**Brief**
Give back the exact lines of the material below from the one containing "Gro&szlig;e Knoblauchmund-Vase mit" through the one containing "Coach Women's Teri Shoulder Bag Gold/Ruby", and no pictures.

**Excerpted records**
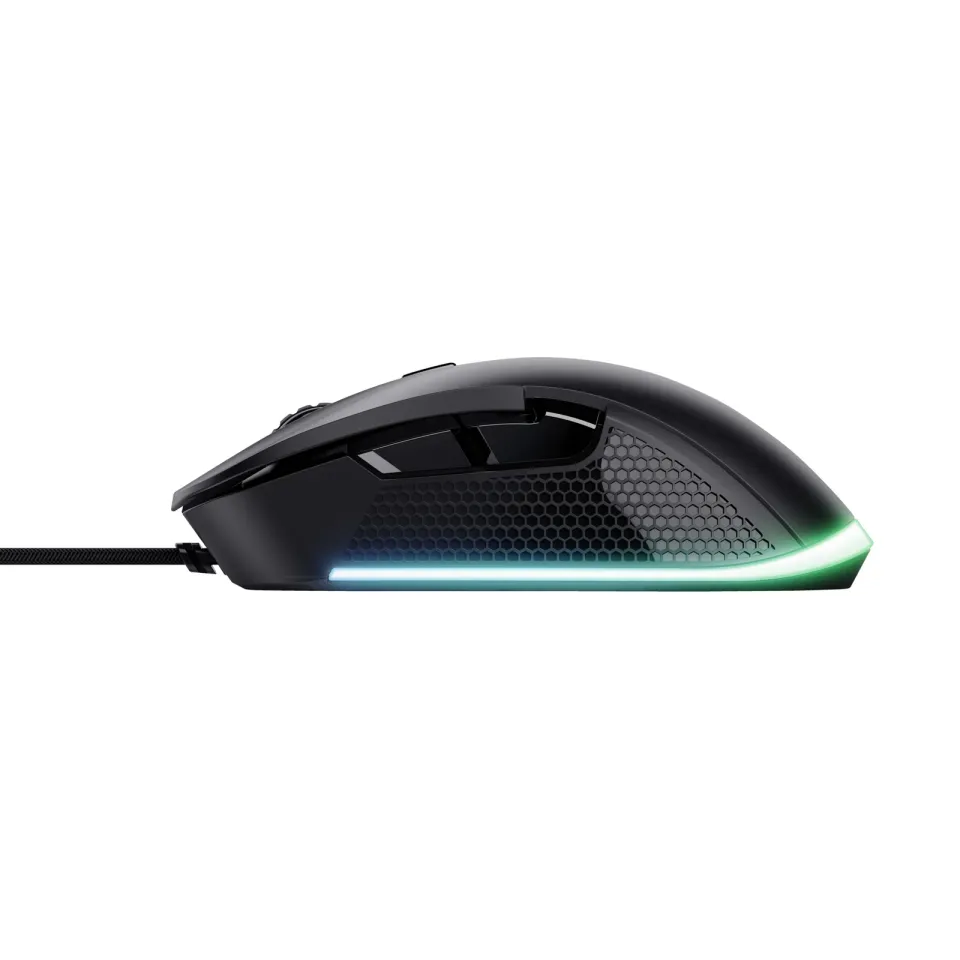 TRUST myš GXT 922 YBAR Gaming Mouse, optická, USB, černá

...

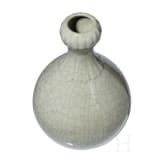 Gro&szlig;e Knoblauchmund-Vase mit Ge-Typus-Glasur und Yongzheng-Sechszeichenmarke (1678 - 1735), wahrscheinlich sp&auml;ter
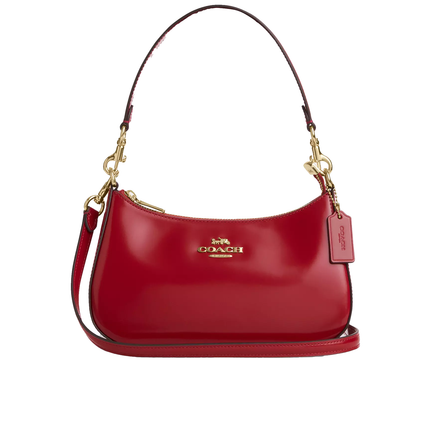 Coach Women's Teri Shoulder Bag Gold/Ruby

**Response area**
 Gro&szlig;e Knoblauchmund-Vase mit Ge-Typus-Glasur und Yongzheng-Sechszeichenmarke (1678 - 1735), wahrscheinlich sp&auml;ter
 Coach Women's Teri Shoulder Bag Gold/Ruby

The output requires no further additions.